**Exercise details**. Your reply should restate the lines from the top of the entries through the line containing "Barra de sonido" word for word, with no pictures.

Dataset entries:
* * * * *

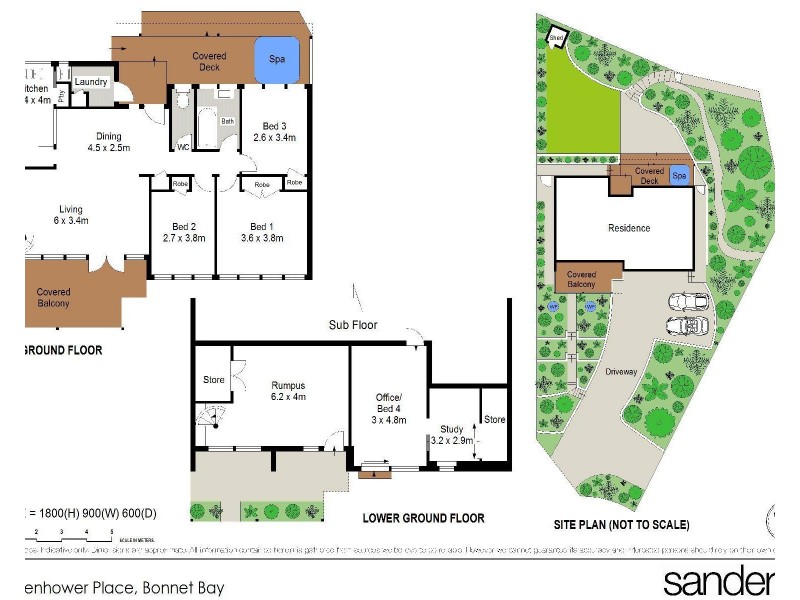 27 Eisenhower Place, Bonnet Bay NSW 2226 Floorplan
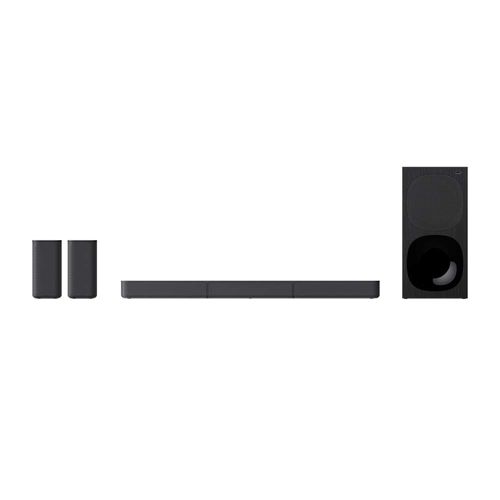 Barra de sonido Sony HT-S20R bluetooth, 5.1 canales, 400W de potencia, puerto usb, entrada de audio óptica, hdmi, negro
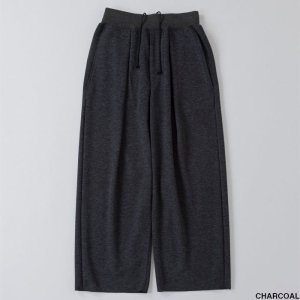 <img class='new_mark_img1' src='https://img.shop-pro.jp/img/new/icons50.gif' style='border:none;display:inline;margin:0px;padding:0px;width:auto;' />saby Х RIB TUCK BAGGY PANTS - Milano rib - 24W-061804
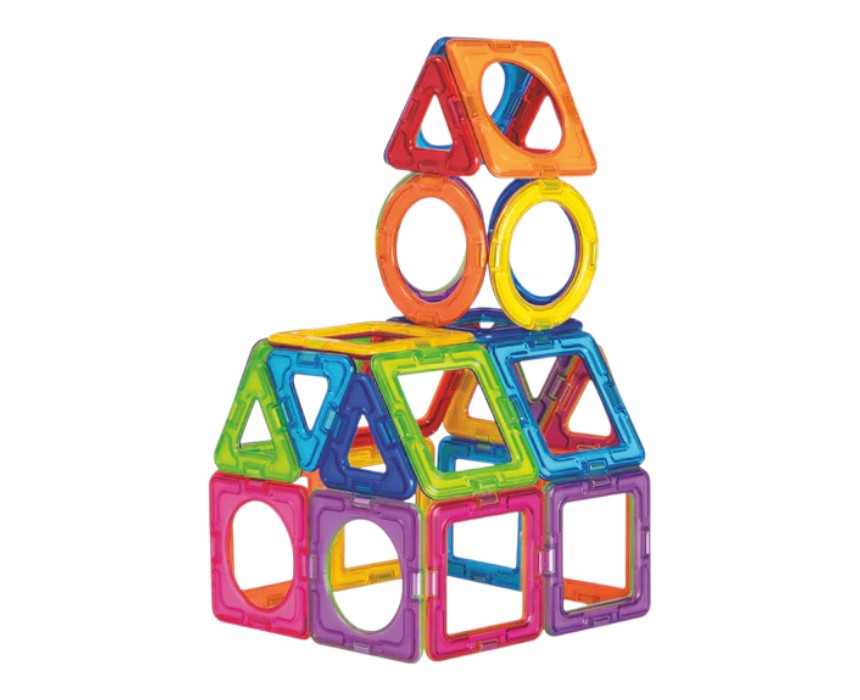 Kids Magnetic Tile Set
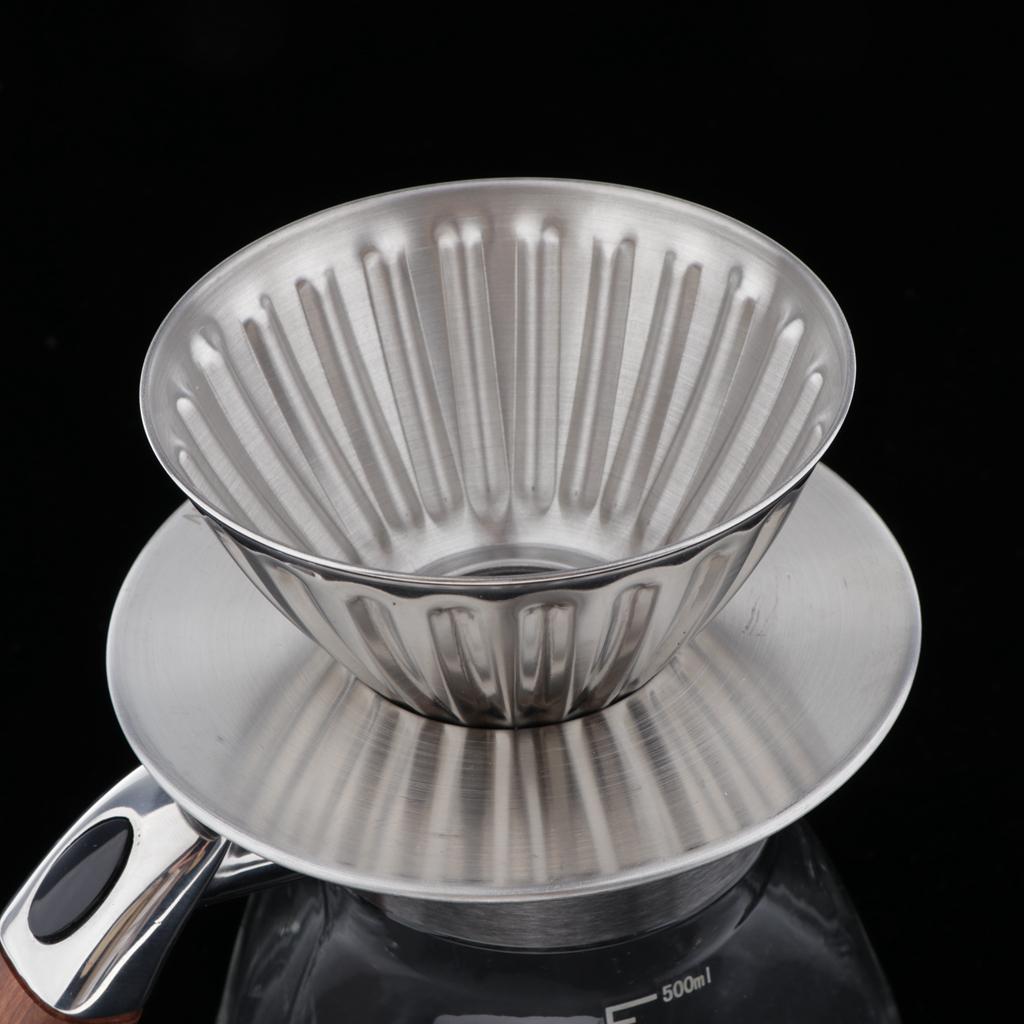 Handgemaakte koffiezetapparaat - Pour Pot Aluminum recensie en prijs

* * * * *

**Result for this exercise**.
 27 Eisenhower Place, Bonnet Bay NSW 2226 Floorplan
 Barra de sonido Sony HT-S20R bluetooth, 5.1 canales, 400W de potencia, puerto usb, entrada de audio óptica, hdmi, negro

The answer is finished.